Isla Fisher voices a character in Rango. She's australian, was in Hot Rod, is married to Sasha Baron Cohen, and is smoking hot.

 

Notes from the back row- mar 1

The most interesting movie this week is Rango, in which a self-deluded animated gecko in an Acapulco shirt drifts into a town called Dirt, becomes sheriff, and saves the day. All the while channeling Hunter Thompson, cross-referencing Sergio Leone, and (kinda blatantly) ripping off Roman Polanski’s Chinatown.

Despite suffering an overstuffed plot and a lead character with a too-easy arc, Rango is voiced by Johnny Depp and the supporting cast includes Isla Fisher (Hot Rod) Abigail Breslin (Little Miss Sunshine) Harry Dean Stanton (Red Dawn) and Timothy Olyphant (The Crazies.) The cast delivers but what makes things interesting is how it all looks– this is the most visually stunning animated feature since Avatar.

On Rango, director Gore Verbinski (Pirates of the Caribbean) teams up with special effects house Industrial Light & Magic (an offshoot of LucasFilm, ILM has done effects for everything from E.T. to Jurassic Park to Harry Potter to Star Wars.) Neither party has ever made an animated feature and, visually, they really knock this one out of the park. With ace cinematographer Roger Deakins lending a hand, Rango is an animated film with the sensibilities of a really surreal live-action.
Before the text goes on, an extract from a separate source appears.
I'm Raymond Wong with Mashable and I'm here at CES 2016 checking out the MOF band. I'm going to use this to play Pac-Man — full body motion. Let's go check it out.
The lighting is gorgeous, the landscapes are stunning, the characters surreal and the action flies and zooms and twists like a cartoon yet remains grounded in reality just enough to work perfectly. Technically and visually Rango gives anything from Pixar a run for the money and for the most part the flick works for kids and adults alike.

Also interesting, Verbinski chose to make the film in traditional 2-D and yet the effect is as powerful as any digital 3-D release we’ve seen. He also took Wes Anderson’s Fantastic Mr Fox approach and had all the actors performing their parts together on real desert sets. It’s a much more sensible approach than hiring stars to sit in a sound booth and bang off their lines.
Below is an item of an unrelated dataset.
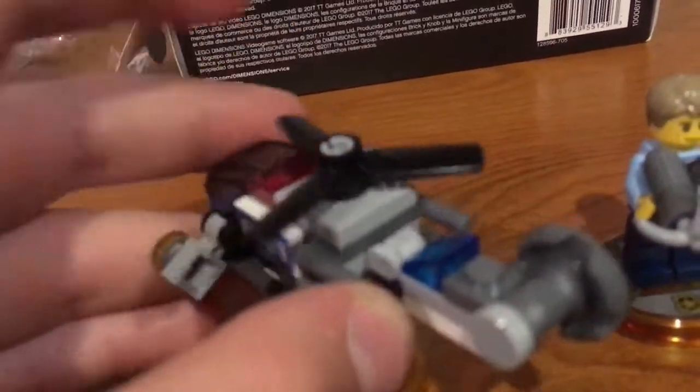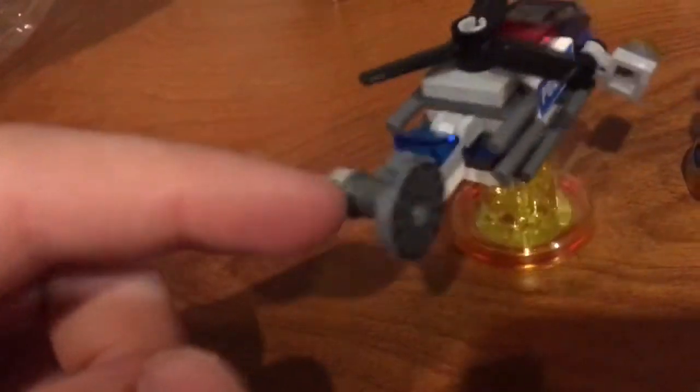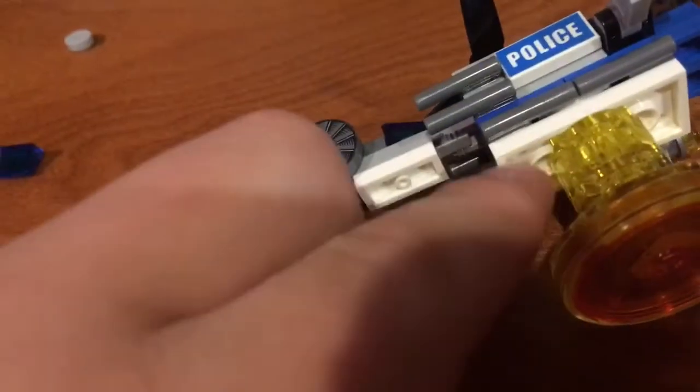I like the touch they did with the propeller back here. To make it a flying vehicle, they added — if you can see there — the rotor is twice as tall as the other one. So that's about it guys.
Speaking of banging, Beastly, a sappy teen romance flick about discovering inner beauty opens this week at the Village 8 even though all the press says its not supposed to be out until summer. Perhaps they bumped it up a few months after I am Number Four, which also stars supposed-heartthrob Alex Pettyfer, flopped at the box office two weeks ago. Supposedly today’s kids need their own take on the classi Beauty and the Beast tale but the only reason I would even consider seeing this one is because Mary-Kate Olsen plays the witch. She was pretty killer in The Wackness which is a way better teen flick and is therefore the download of the week.

The last new movie to hit town on Friday is The Adjustment Bureau. Matt Damon stars as a reckless politician who meets a hot dame (Emily Blunt), falls for her, then bumps into some badasses in fedoras who apparently “adjust” people’s lives to fit the master plan of Fate or God or the Chairman of the Universe or whatever. These “hat” guys can travel through the time/space continuum without a Delorian and apparently must keep Damon and Blunt apart because both are destined for greatness. The idea that love smothers individual greatness is never fully explored though.

The Adjustment Bureau is a paycheck for Matt Damon, either that or he’s slipping (or he wanted to bounce around New York with Emily Blunt for three months and who cares if the movie sucks.) It’s a neat idea, adapted from a Philip K. Dick short story, but the execution is fat and lazy. Skip it and go see the Oscar winning The King’s Speech instead, the Village 8 is wisely keeping that one around for another week.